Date of Conferral

1-1-2011

Degree

Doctor of Business Administration (D.B.A.)

School

Management

Advisor

Alice Denomme Gobeille

Abstract

Managers at automotive manufacturers are seeking ways to reduce energy consumption, costs, carbon emissions, and waste from production processes. Researchers and practitioners perceive energy efficiency as the least expensive and most effective way to deal with issues related to climate change, but adoption of energy efficiency measures has been slow among industrial facilities. The topic of this research study was the decision-making process for energy efficiency projects in the U.S. automotive manufacturing industry. Flaws in this decision-making processes are preventing changes that can dramatically reduce energy usage, cost, and pollution. The study was grounded in the theories of energy management, organizational learning, systems thinking, and strategic management. Data is from open-ended question interviews and questionnaires of 21 decision makers in automotive manufacturing companies in the United States about their perception and experiences regarding the decision-making process for energy efficiency projects. The data were coded to identify themes.
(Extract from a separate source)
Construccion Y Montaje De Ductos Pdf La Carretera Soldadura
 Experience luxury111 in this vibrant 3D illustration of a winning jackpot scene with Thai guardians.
The findings indicated that organizational leaders with responsibility over energy management should include energy management standards and frameworks such as ISO 50001, Six Sigma DMAIC, and Energy Star as guidelines for selecting energy efficiency projects. Decision makers may find these results useful in improving their decision-making processes for evaluating energy efficiency projects. This research has the potential to promote positive social change in the automotive industry by reducing energy consumption and business costs, and it could benefit communities by reducing pollution through increasing energy efficiency in the automotive manufacturing industries.